#### Data shown:
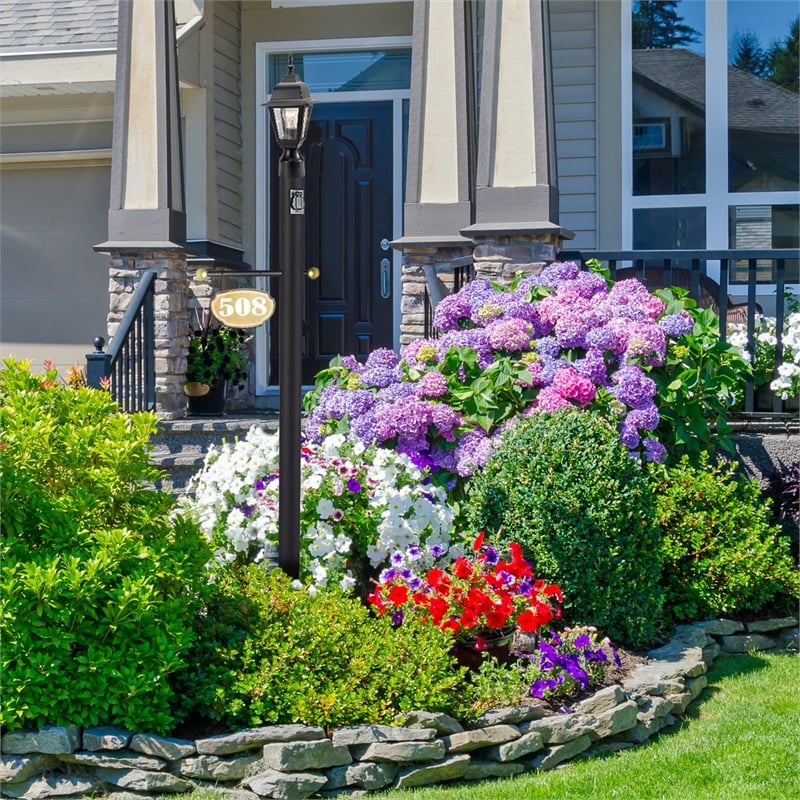 Bowery Hill Modern Steel Black Lamp Post with Cross Arm and Outlet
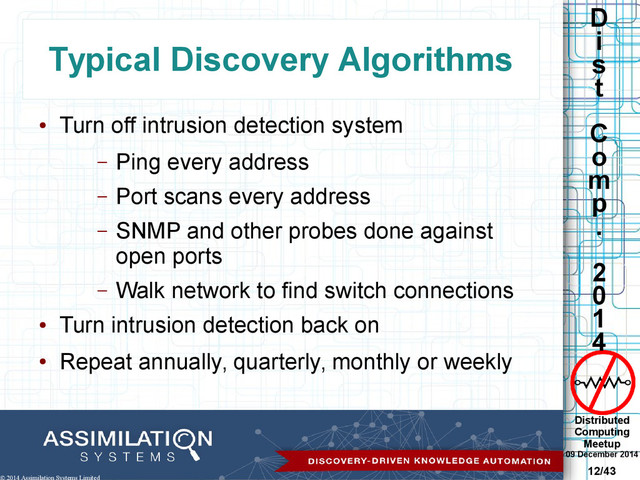 Distributed
Computing
Meetup
09 December 2014
12/43
D
i
s
t
C
o
m
p
.
2
0
1
4
© 2014 Assimilation Systems Limited
Typical Discovery Algorithms
●
Turn off intrusion detection system
– Ping every address
– Port scans every address
– SNMP and other probes done against
open ports
– Walk network to find switch connections
●
Turn intrusion detection back on
●
Repeat annually, quarterly, monthly or weekly
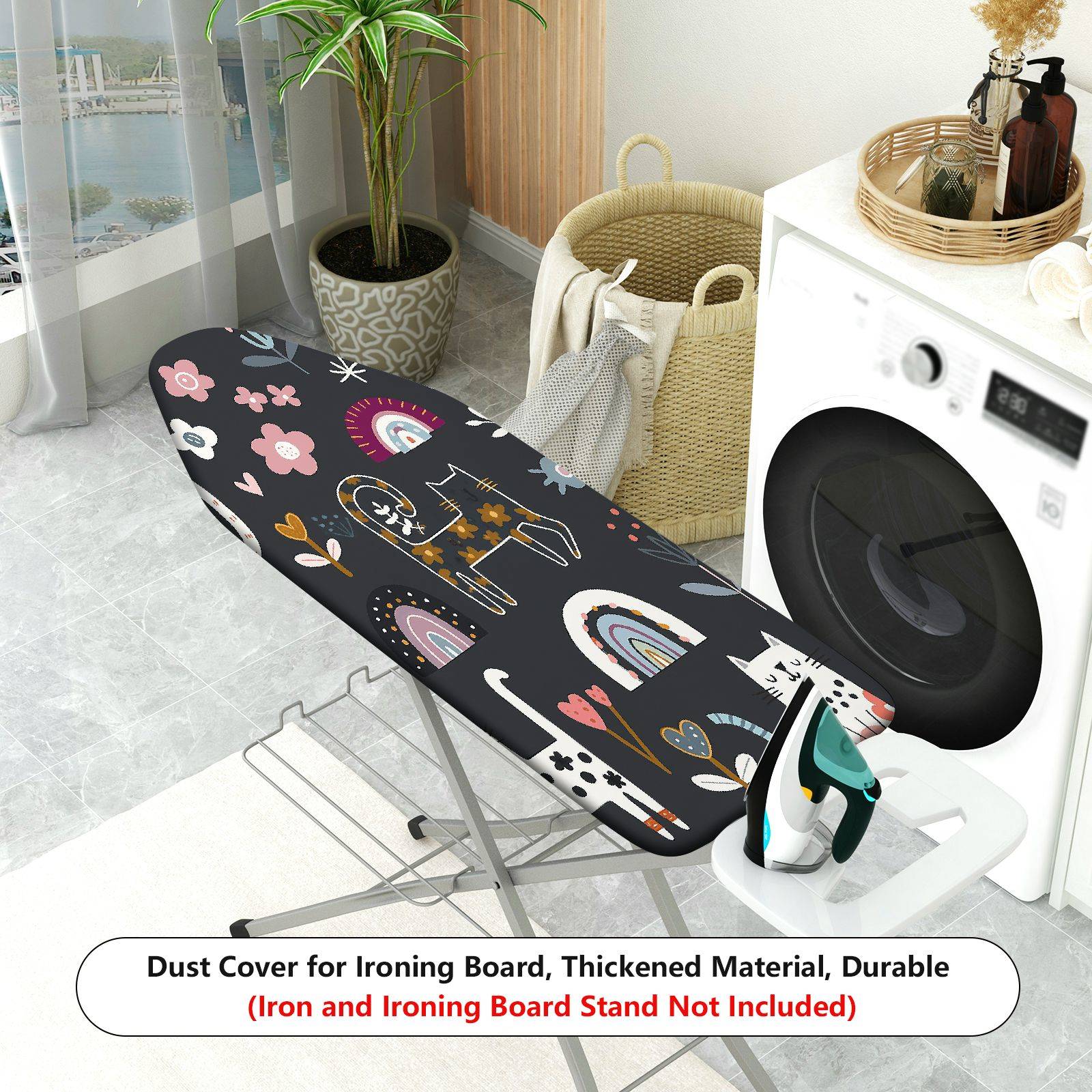 1-Piece Animals Flowers Rainbows  Ironing Board Cover, Universal Size, Without Board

#### The task:
Find the line containing "09 December 2014" in the records above, then copy it and every line after it exactly, through the last one, without any pictures.

#### The answer:
09 December 2014
12/43
D
i
s
t
C
o
m
p
.
2
0
1
4
© 2014 Assimilation Systems Limited
Typical Discovery Algorithms
●
Turn off intrusion detection system
– Ping every address
– Port scans every address
– SNMP and other probes done against
open ports
– Walk network to find switch connections
●
Turn intrusion detection back on
●
Repeat annually, quarterly, monthly or weekly
 1-Piece Animals Flowers Rainbows  Ironing Board Cover, Universal Size, Without Board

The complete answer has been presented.